For the past few months, since the release of Geekbench 6, a lot of questions have been raised regarding the credibility of this popular simulation-based benchmarking app. There have been reports about how the app virtually favors Apple Silicon over any of it’s Android competitors, and there have been instances where this couldn’t be away from the truth.
Apple unveiled the A17 Pro chipset earlier this week, which showcased a slight performance improvement over it’s (already capable) predecessor, the A16 Bionic. The A17 Pro, which goes by it’s identifier iPhone16,1 has been gaining a lot of attention, mainly due to its impressive Geekbench scores, nearly reaching a whopping 3000 on the single-core test.

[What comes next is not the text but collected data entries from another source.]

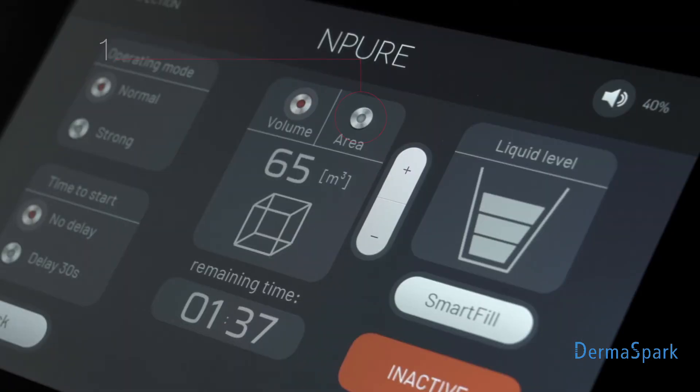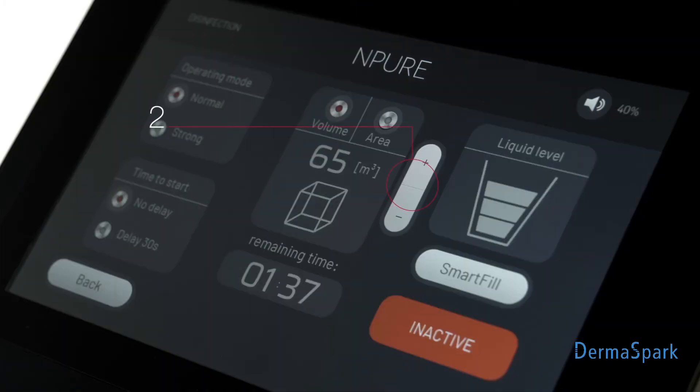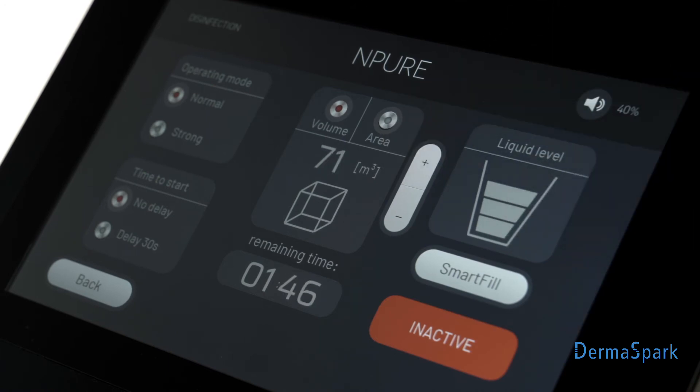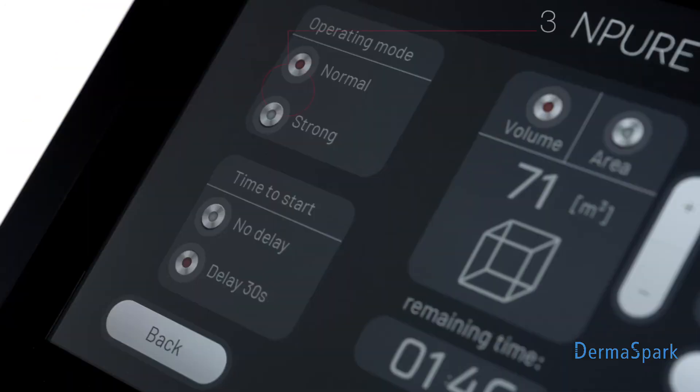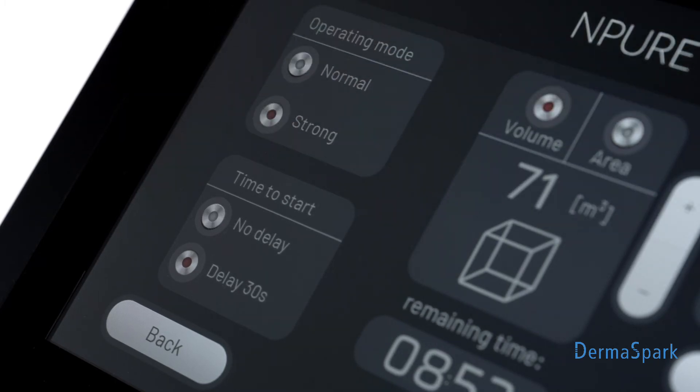Step 1: Select the room size input mode. Step 2: Select the cubic capacity of the room. Step 3: Select the operating mode. Two work programs were designed to ensure effective room cleaning.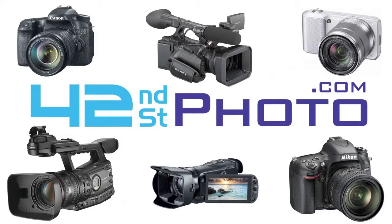This video has been made available thanks to 42nd Street Photo. Celebrating over 50 years of service in the photography and video industry, check out their full line of products at 42photo.com.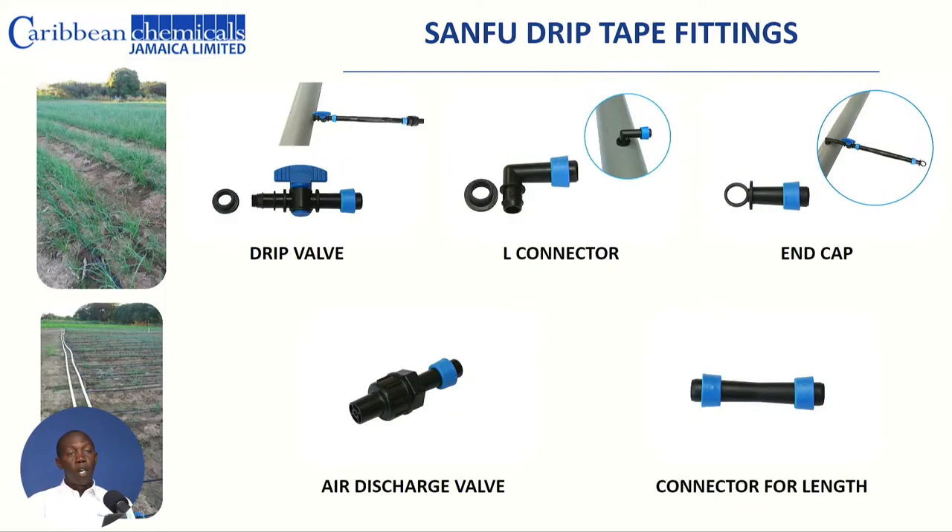Different parts are present in the system: we have the drip valves, the L connectors, end caps, and connectors or joiners if you have breakage. You also have the end discharge valve that you can attach to the system. The long-term benefit is that we supply these parts, so once you've purchased and are using the system, you benefit from our technical services and we can replace those parts should the occasion arise.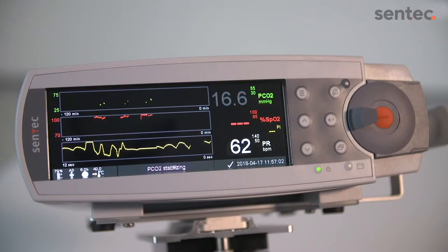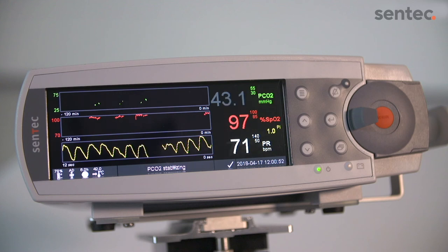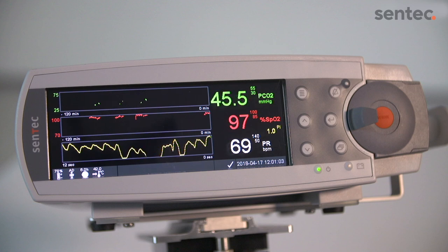Once the Sentec digital monitor detects that the sensor is on the patient, it will initiate monitoring. The transcutaneous readings typically stabilize within 2 to 10 minutes. As soon as the enabled parameters stabilize, the displayed readings will change from grey to the selected color.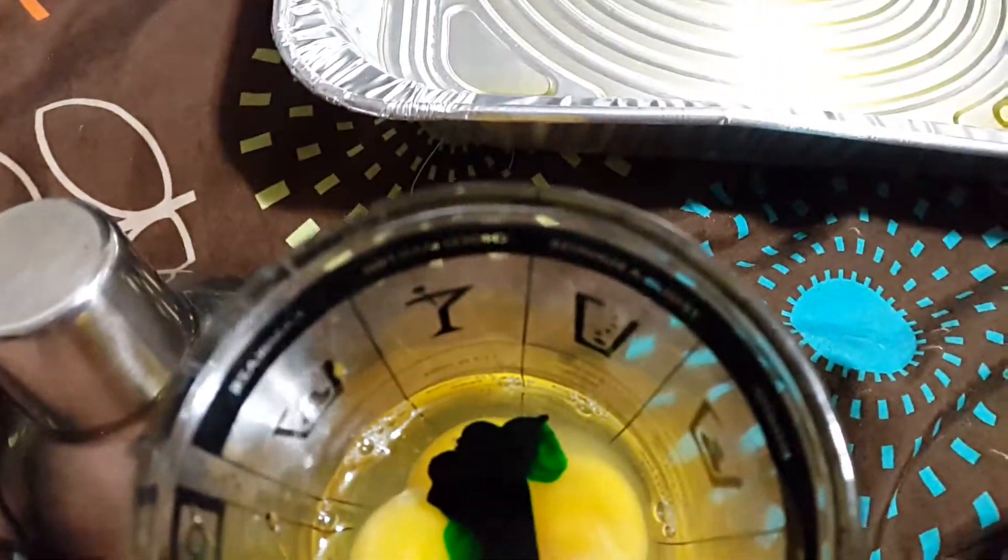Okay, for this, I have four — you can only see three, but there's four. Oh, you can kind of see it there. There's four eggs in here.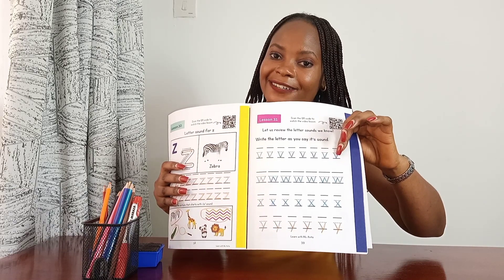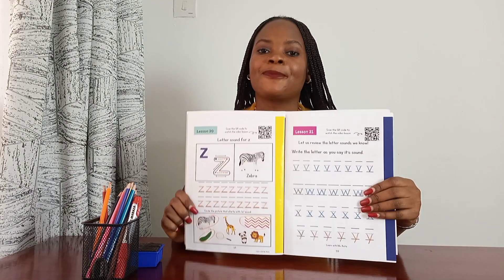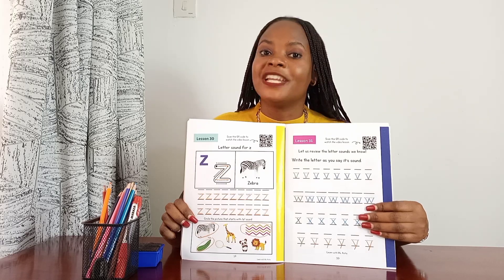You're going to get your pencil and write the letter sounds down as you say them, like this. Then you repeat that until all of them are done.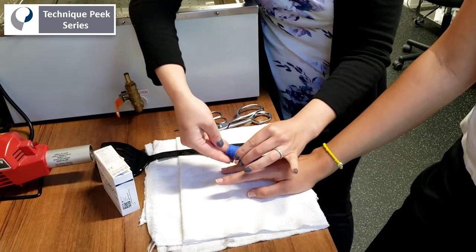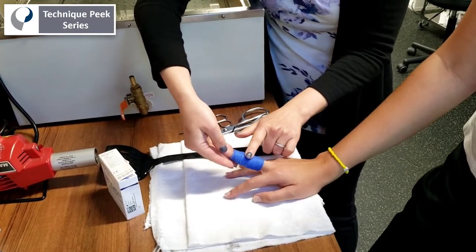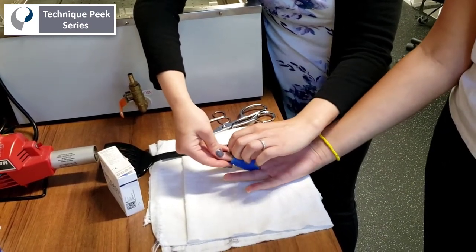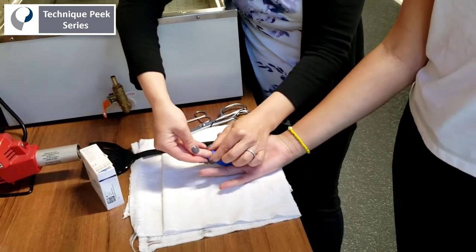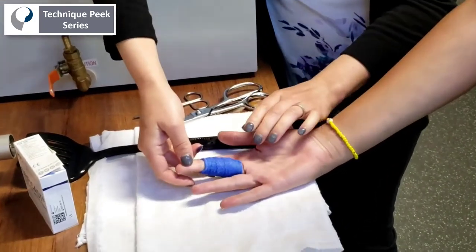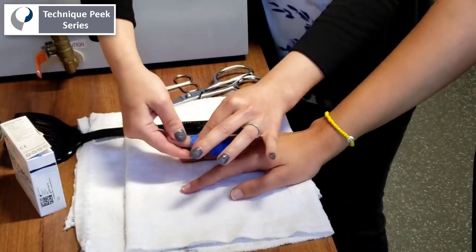At this point you can use the extra time you have while the material is setting to get your maximum PIP joint extension. You can turn the palm over and check that you have clearance at the DIP joint. If not, you can roll that material down a little bit. You want to ensure there's plenty of motion at the DIP joint to prevent ORL stiffness. It usually takes about a minute to harden.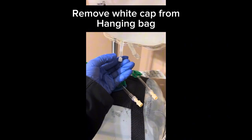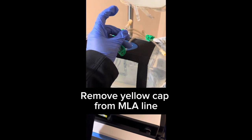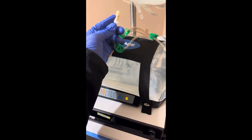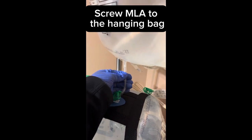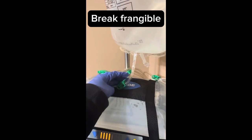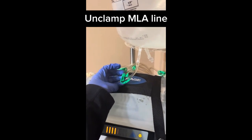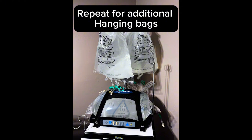Remove the white cap from the hanging bag, then remove the yellow cap from the MLA line. Screw the MLA to the hanging bag and break the frangible. Clamp the MLA line. Repeat for additional hanging bags.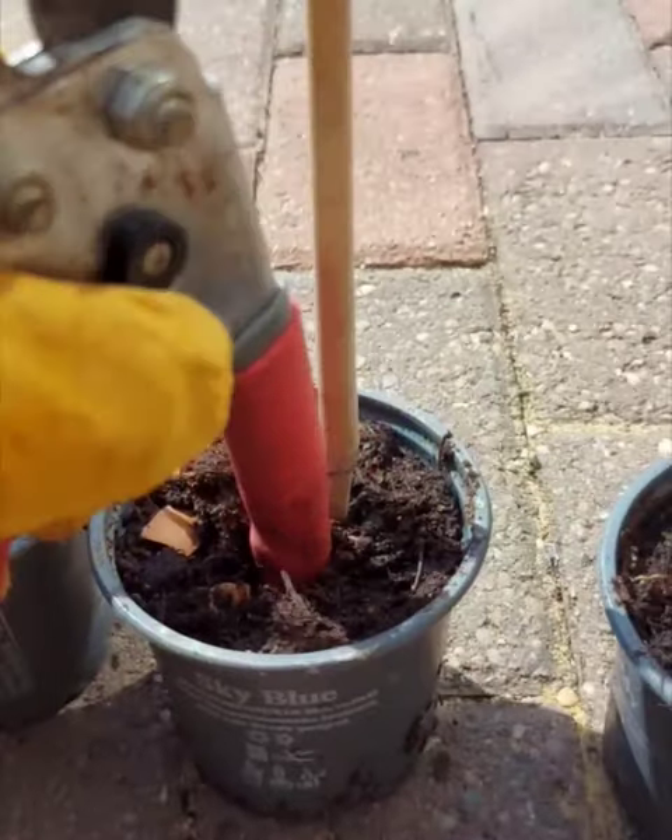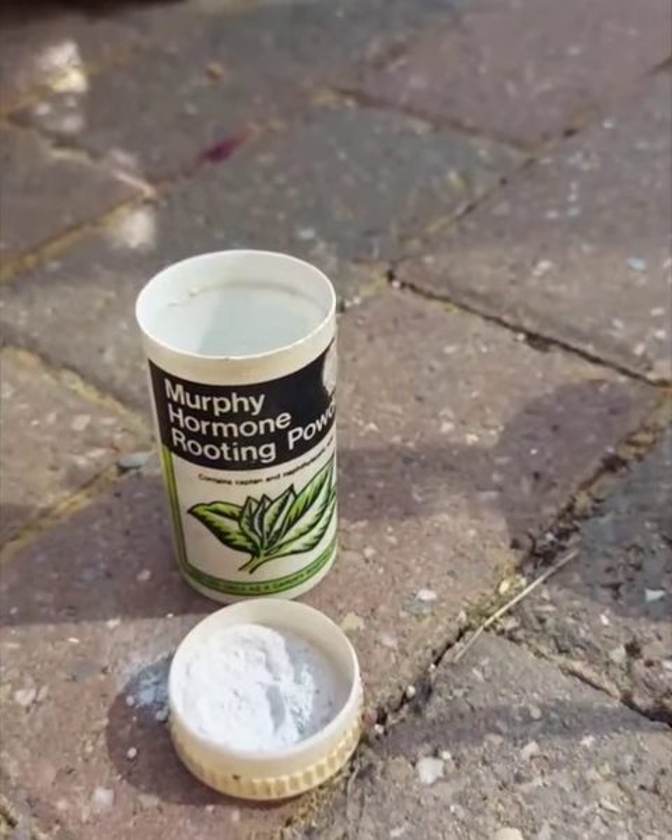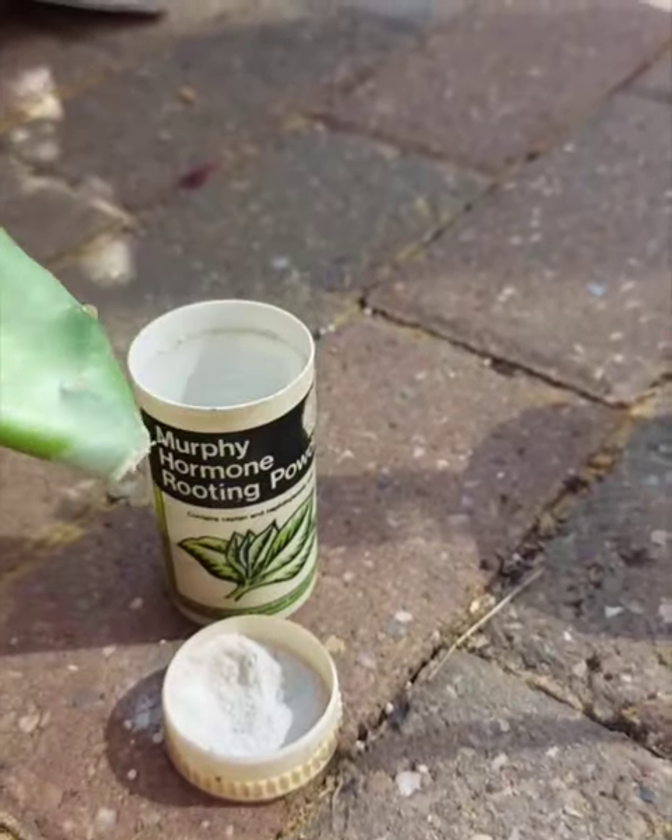You need to keep all of the pads so it can root. Prepare your soil and make an indent to sit the pad into. Rooting powder is optional, as they root really easily, but if you have it, use it.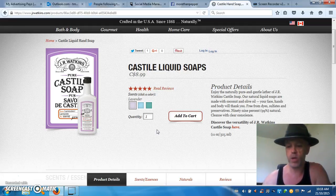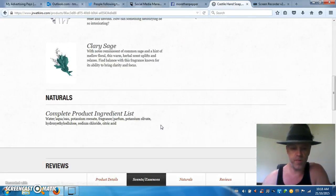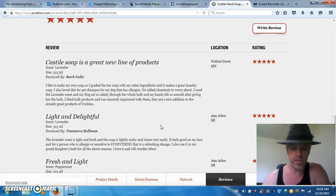It comes in both liquid and bar form, and it's 100% guaranteed — if you try it and don't like it, just get a hold of Watkins and you'll get your money back. It's made with coconut oil and olive oil, good for body, hands, and face, and is free of dyes, sulfates, and preservatives. It has a nice light scent, and there are a bunch of five-star reviews.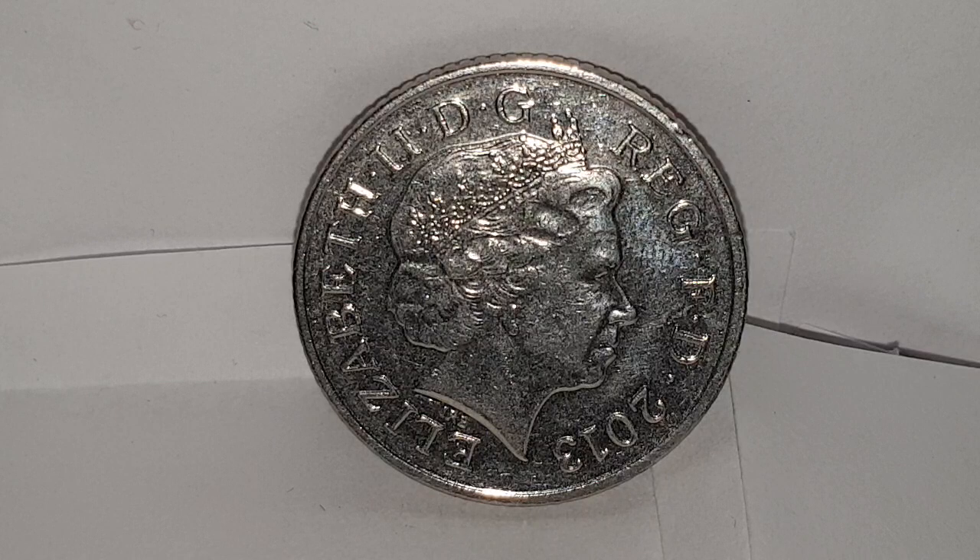These coins are currently in circulation in the UK. As you can see, you can see the obverse side of the coin. This design is used from 2008 to 2015 and is the fourth portrait of Queen Elizabeth the Second by Ian Rank-Broadley. You have Queen Elizabeth the Second facing to the right, wearing the Girls of Great Britain and Ireland tiara.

To be fair, Apple could’ve juiced out a bit more at the expense of a bit more power, but the intriguing bit here is how over the past three days, the scores have been changed by almost a 100 points, which is not normal, per se.
While the previous-gen chipset manages to barely cross 2600 on single-core, running at 3.46GHz, the ~15% performance improvement is believable. However, this type of changing anomaly in scores isn’t normal, and some might find it tempting to blame Geekbench for the performance changes after the updates, particularly those who prefer not to consider a rational explanation.
Comparing these scores to Android’s upcoming Snapdragon 8 Gen 3, Apple Silicon’s crown jewel manages to easily top that by an astounding 17%. Now, this may not entirely be bad news for Android users since 2563 is a great single-core score (if true), considering how the S23 Ultra’s Snapdragon 8 Gen 2 For Galaxy only touched 2100, so that, in itself is a huge 22% improvement.
Whatever it may be, the results have always been in the favor of Apple, and this has been a trend we’ve been seeing since the past decade or so. The reason this is, is because benchmarking applications like Geekbench primarily test raw CPU speed, overlooking components like the GPU.
This year, however, Apple isn’t taking raw graphics lightly, they’ve introduced a new 6-core GPU, supporting ray-tracing, and for the first time ever, announcing support for AAA games like Resident Evil IV Remake and Assassin’s Creed Mirage.
This is all we know for now, but rest assured that we will keep you updated as new information becomes available.